### [Problem requirements]
A verbatim transcript of the data below is required, images omitted.

### [Dataset section]
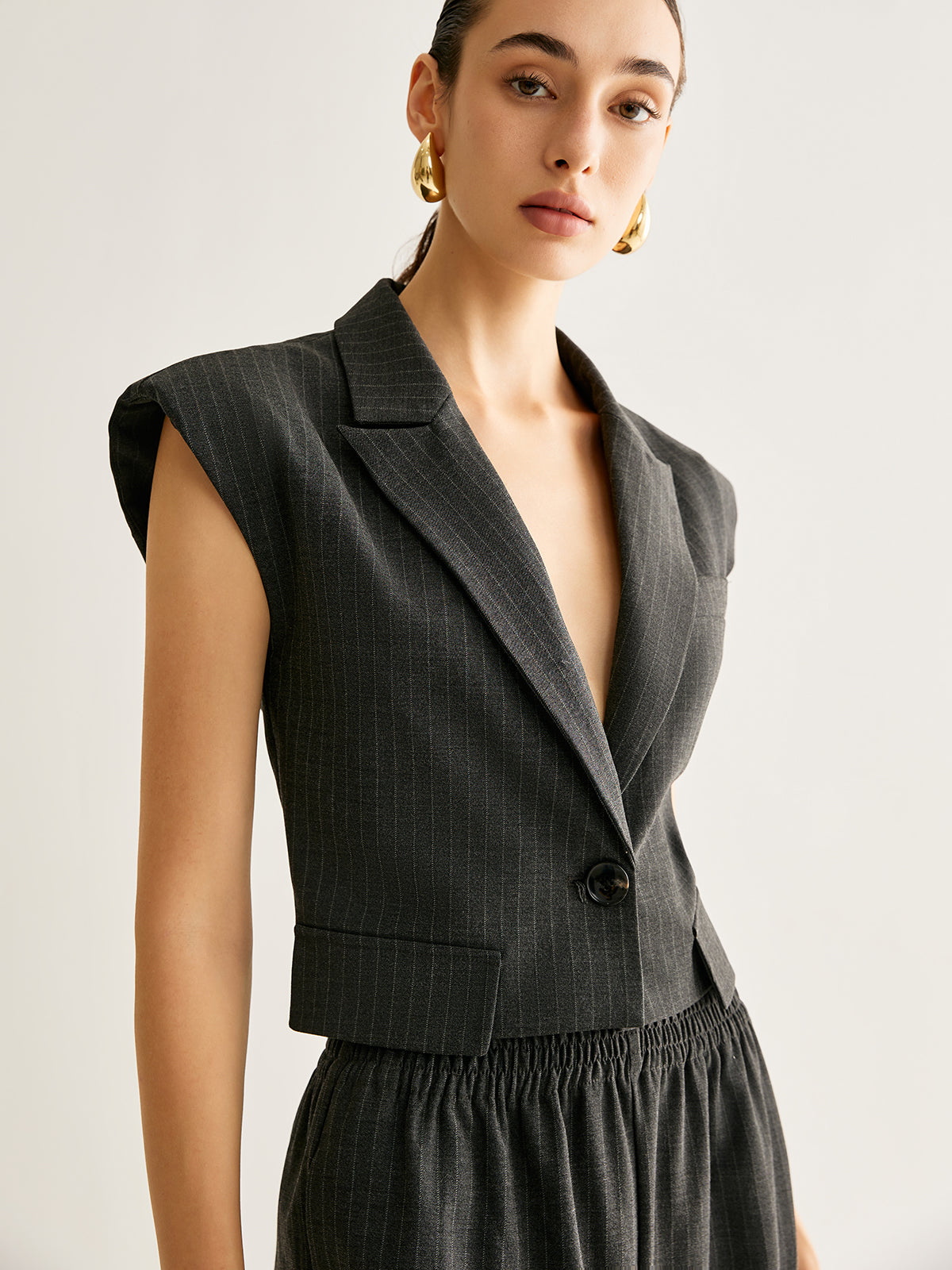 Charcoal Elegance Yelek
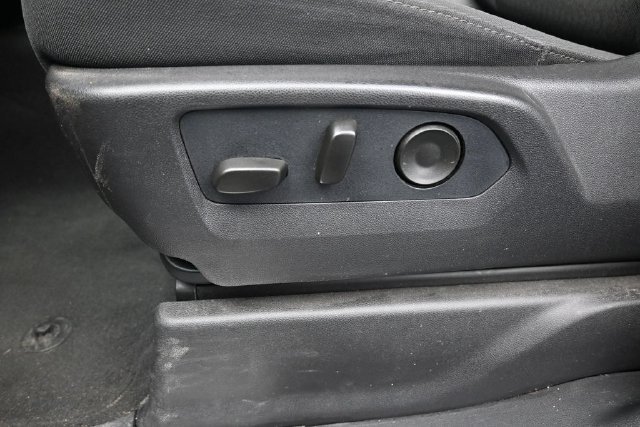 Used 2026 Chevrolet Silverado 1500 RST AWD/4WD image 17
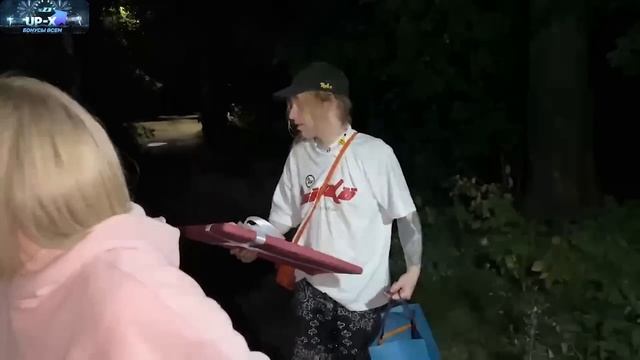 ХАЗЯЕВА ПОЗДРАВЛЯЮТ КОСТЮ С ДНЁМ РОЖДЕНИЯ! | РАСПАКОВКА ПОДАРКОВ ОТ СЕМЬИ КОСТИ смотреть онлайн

### [Solution for this problem]
 Charcoal Elegance Yelek
 Used 2026 Chevrolet Silverado 1500 RST AWD/4WD image 17
 ХАЗЯЕВА ПОЗДРАВЛЯЮТ КОСТЮ С ДНЁМ РОЖДЕНИЯ! | РАСПАКОВКА ПОДАРКОВ ОТ СЕМЬИ КОСТИ смотреть онлайн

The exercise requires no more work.